Собственно, модель повествования, построенную на постоянном присутствии «непроявленного» сюжета, режиссер предъявляет с самого начала, но, опять же, таким образом, что зритель попросту не обращает внимания на сигнал, критически значимый для восприятия фильма в целом. Первая же последовательность кадров – это снятые из движущегося автомобиля уличные панорамы, которые служат подложкой под начальные титры. Этот прием идеально подходит для того, чтобы ненавязчиво ввести зрителя в нужную жанровую атмосферу – будь то лирическая мелодрама или нуарный триллер, – и потому в дальнейшем был широко растиражирован в европейском и американском кинематографе. Значимую роль в нем играет музыкальное сопровождение: в фильме Франсуа Трюффо за кадром звучит очень «парижская» ноншалантная мелодия Жана Константена[493], и зритель читает титры под скользящие мимо «атмосферные» виды седьмого и пятнадцатого парижских округов и под задушевный вальсок. Он видит реальность, приятную для глаза и для слуха и опознаваемую как впечатление о неторопливой прогулке без видимой цели: это совершенно фланерская по сути своей проходка перед киносеансом, конкретные визуальные образы которой забудутся через четверть часа, но создадут нужную атмосферу выходного дня, приятного досуга.

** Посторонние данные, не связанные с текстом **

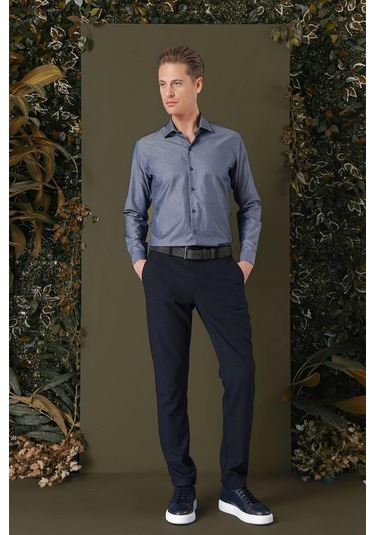 Gk 709 Slim Fit Füme Klasik Gömlek Füme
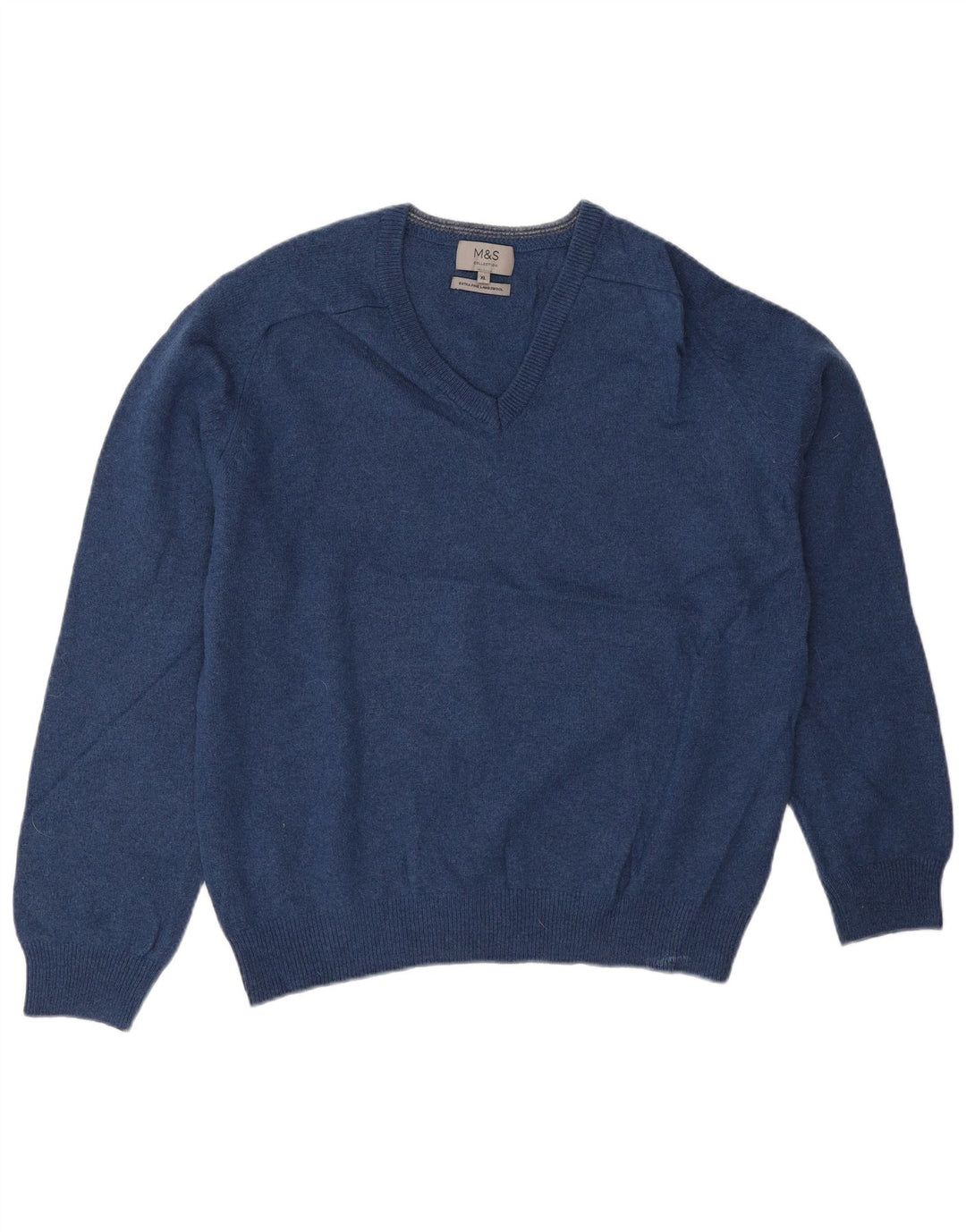 Marks & Spencer Mens V-Neck Jumper Sweater XL Blue Wool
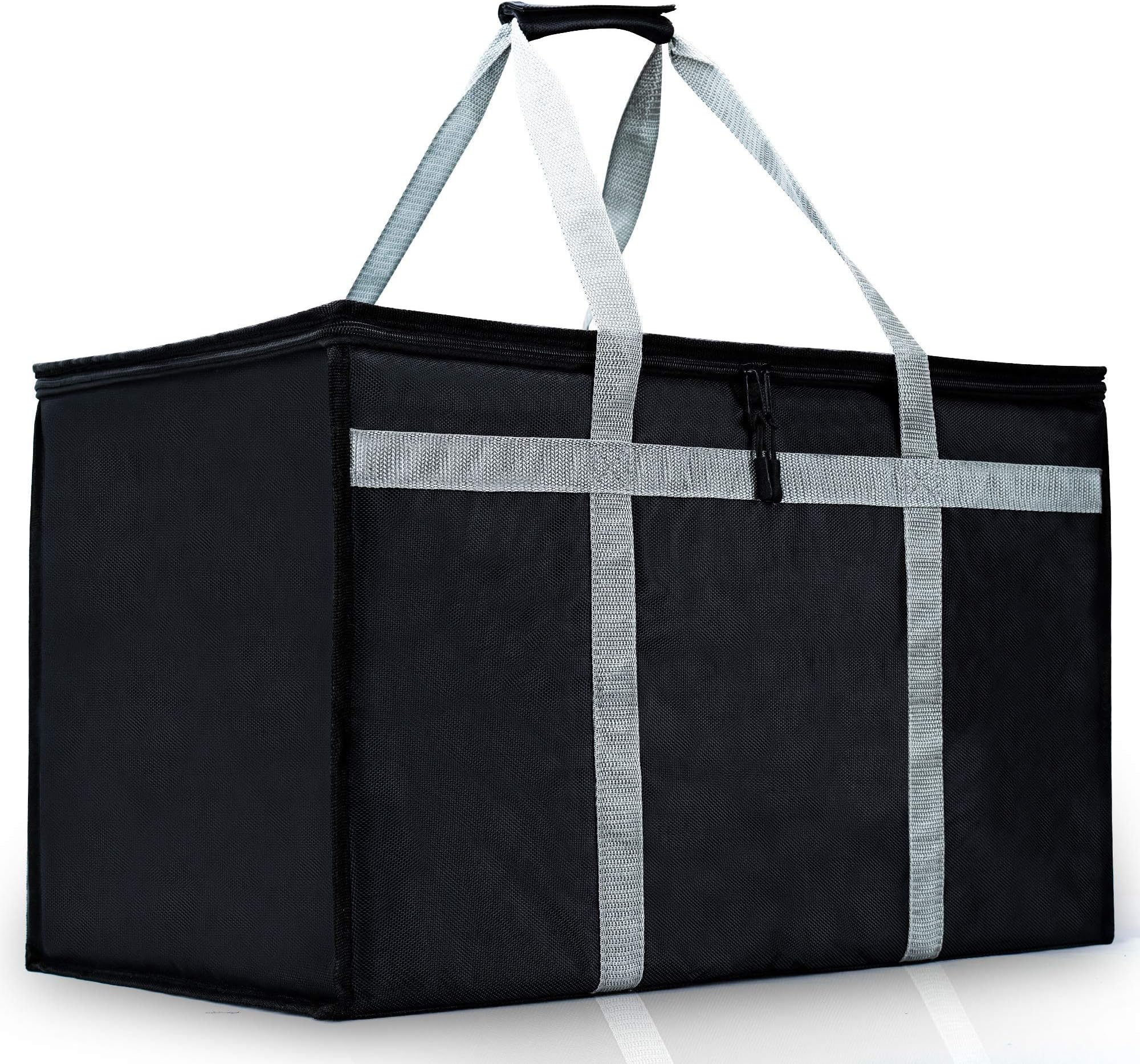 Insulated Food Delivery Bag for Catering, Black, Extra Large, Hot Cold Meal Restaurant, Grocery Bags for Uber Eats, Instacart, Doordash, Grubhub, Postmates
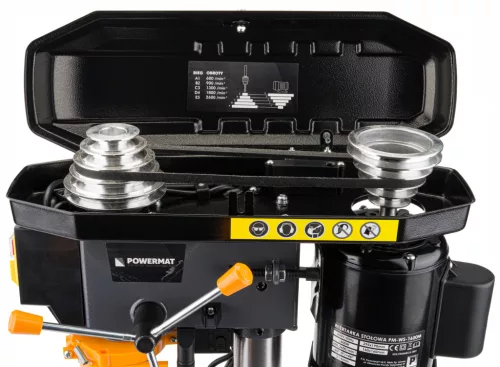 Asztali oszlopos fúrógép 1600 W, 16 mm, 5 fokozatú, satuval, PM-WS-1600M – Powermat (PM0924)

У Андре Базена был термин le documentaire imaginaire, «документальное воображаемое» или «воображаемая документальность»[494]. Он применим к рассказанной на экране проективной истории, которая «вбирает в себя реальность» – максимально подробно и достоверно – и параллельно процессу собирания (и предъявления как опознаваемые) элементов «настоящего» мира подменяет реальность собой. В фильме Трюффо тоже будут совершенно натурные, не сыгранные фрагменты. Четырех-пятилетние дети, сопереживающие кукольному спектаклю о Красной Шапочке, переживают совершенно искренне: они настоящие и настолько увлечены зрелищем, что попросту не обращают внимания на камеру. Более взрослые дети, школьники, которые бесятся на перемене возле школы: они просто делают то, что делают каждый день, и камера им тоже не мешает. Начальные кадры также «документальны», и достоверны настолько, что зрителю просто незачем обращать внимание: не столько на то, что его точка зрения уже опосредована камерой, сколько на то, что в этой последовательности скользящих мимо парижских видов есть предзаданная и четко выстроенная структура.

Движущаяся камера снимает фасады зданий, мимо которых проезжает автомобиль: они разные, но выдержаны в одной и той же «османовской» стилистике, то есть задают ритм и образуют то самое единство в многообразии, которое так любят истинные фланеры. И этот фланерский ритм настолько убедителен, что зритель не обращает внимания на то, что в каждом из кадров есть один и тот же персонаж, который то прячется от взгляда камеры, то снова – настойчиво – проникает в ее поле зрения. Это Эйфелева башня: настолько клишированный элемент парижского пейзажа, что всякий раз воспринимается не в качестве самостоятельного «действующего лица», а просто как необязательное напоминание о том, что мы в Париже. Потом к этому персонажу добавляется еще один – солнце, и они начинают работать в паре. Причем солнце также не настаивает на себе, едва пробиваясь через фирменную парижскую дымку, облачный мел: режиссеры и операторы базеновской школы вообще любили снимать своих героев «через препятствие».